Leaving or staying? A truckload of some of the 217 illegal Chinese immigrants

supposedly deported on Sep 23.

A SECRET operation by immigration police officials has allowed as many as 70 illegal

Chinese immigrants supposedly deported from Cambodia on Sep 30 to remain in the country,

their whereabouts unknown.

An Interior Ministry source who was present at the deportation proceedings at Pochentong

Military Airport on Sep 23 has told the Post he watched as 70 of the 217 Chinese

illegal immigrants were separated from the main group upon arrival at the airport.

The remaining 147 were loaded on to two China Southern Airlines aircraft chartered

by the Chinese government to return the group to China.

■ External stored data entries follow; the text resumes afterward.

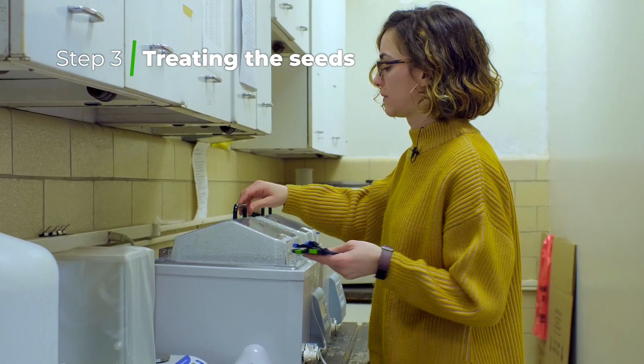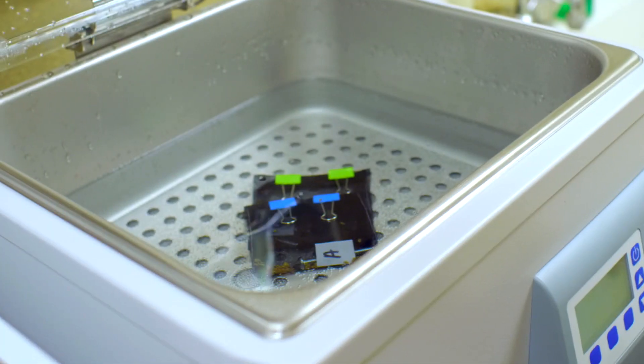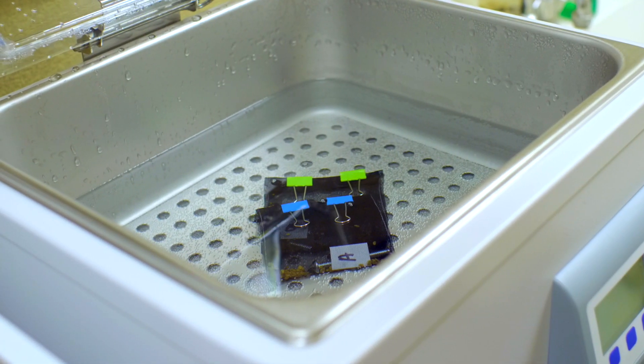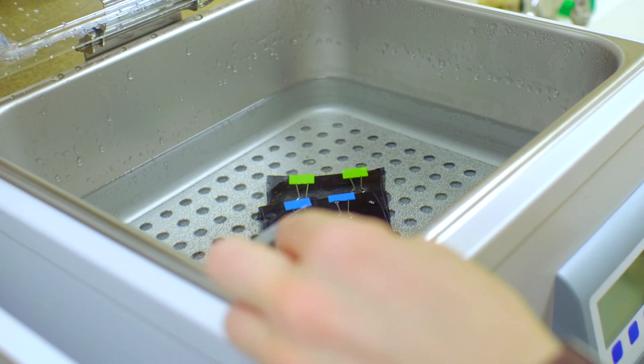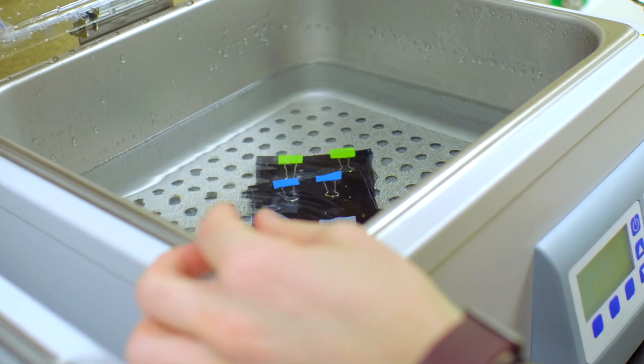Seeds are first treated at 100 degrees Fahrenheit for 10 minutes to initially warm the seeds, and then they're treated at 115 to 128 degrees Fahrenheit for 15 to 30 minutes depending on the crop that we're treating. We use an air bubbler to keep the samples moving during treatment.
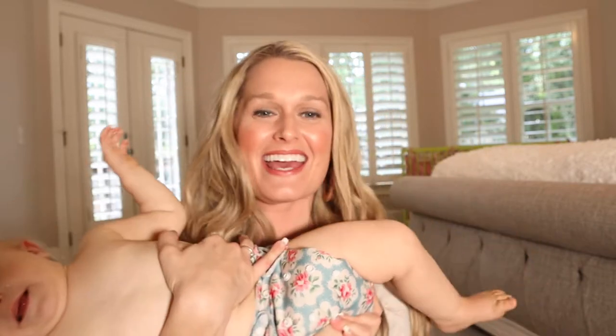So this is Abigail and she is in a cute little cloth diaper. We're going to talk about cloth diapers and I'm going to tell you everything that you need to know so that you can be prepared for cloth diapering.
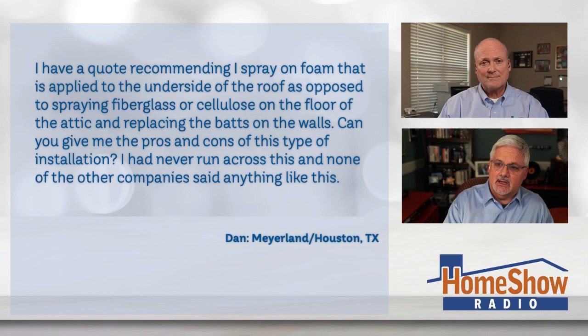Dan writes to us: I have a quote recommending I spray on foam that's applied to the underside of the roof, as opposed to spraying fiberglass or cellulose on the floor of the attic and replacing the bats on the walls. Could you give me the pros and cons of this type of insulation? None of the other companies had this kind of suggestion. Because it's a bad suggestion — the other companies probably gave him better suggestions.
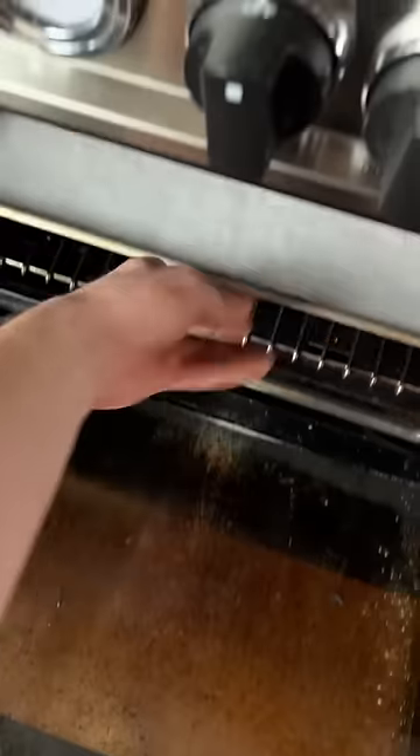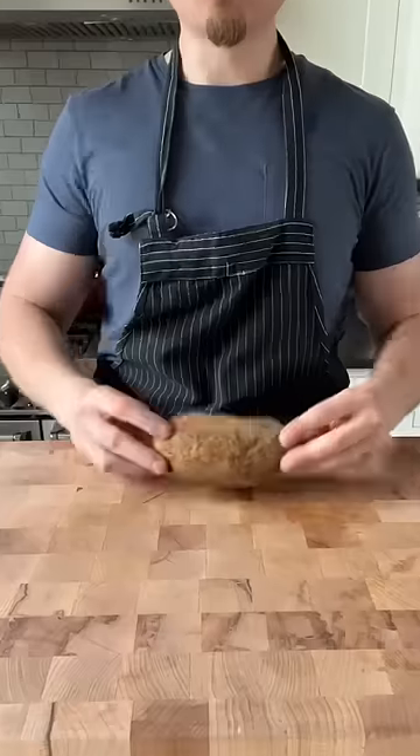Oh, potato wedges suck, right? Not these. Into the oven at 400. Onto another tray. Into the fridge overnight. Cool baked potatoes.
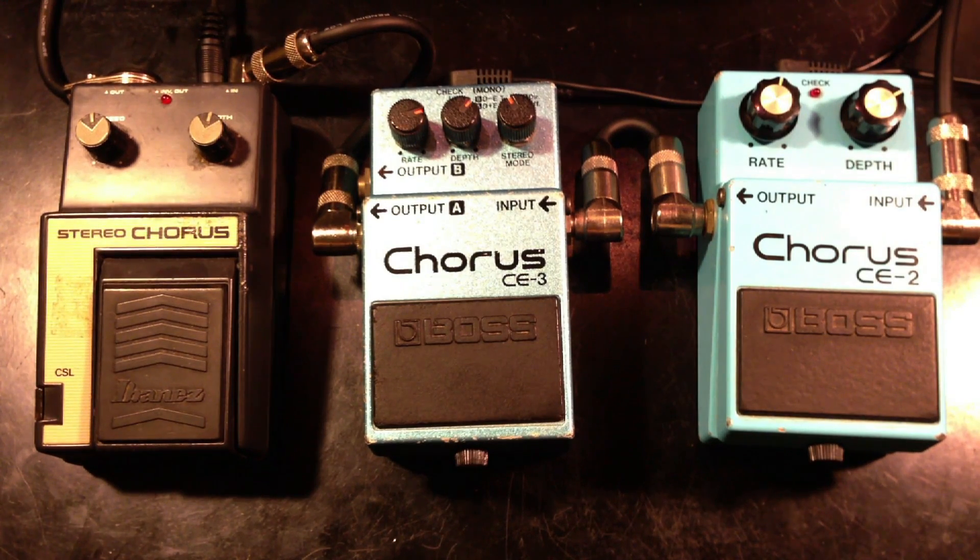This is a little vintage chorus pedal shootout. All these pedals are made in Japan and from the 80s. On the left is the Ibanez CSL, in the middle is the CE3 from Boss, and on the right is the CE2 from Boss. I'm playing on a Fender Stratocaster through a Vox AC30.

In a move apparently designed to foil media assembled at the gates of the airport,

immigration officials waited until after the departure of Cambodian government and

Chinese Embassy officials from the scene to transfer the 70 Chinese illegals to "an

undisclosed location near the airport".

That high-level police and Chinese Embassy officials both oversaw the deportation

and have subsequently refused to disclose a list enumerating the number of Chinese

deported suggests the secret operation was the result of collusion between representatives

of both governments.

Immigration Police Director Prok Saroeun has confirmed that not all of the 217 illegal

Chinese immigrants were deported as immigration and Chinese officials have previously

claimed, but insisted that reports that 70 were kept behind were "too high".

"Actually only twenty-eight [of the original 217] remain," Sarouen told

the Post, adding that "processing difficulties" had prompted the decision

not to deport the group.

Phnom Penh Deputy Governor Chea Sophara also confirmed that the 28 Chinese were not

deported on Sep 31, adding that "hundreds more" illegal Chinese immigrants

known to authorities remain at large.

"The ministry in charge of this case seems to be ignoring it," Sophara

fumed. "This case will not be finished if the relevant ministry does not take

some real action."

However, an official in the Foreign Ministry verified that the actual number of Chinese

who avoided deportation on Sep 31 stood at 70.

The Foreign Ministry official added that the decision to allow the 70 unnamed Chinese

to remain in Cambodia served the interests of all involved.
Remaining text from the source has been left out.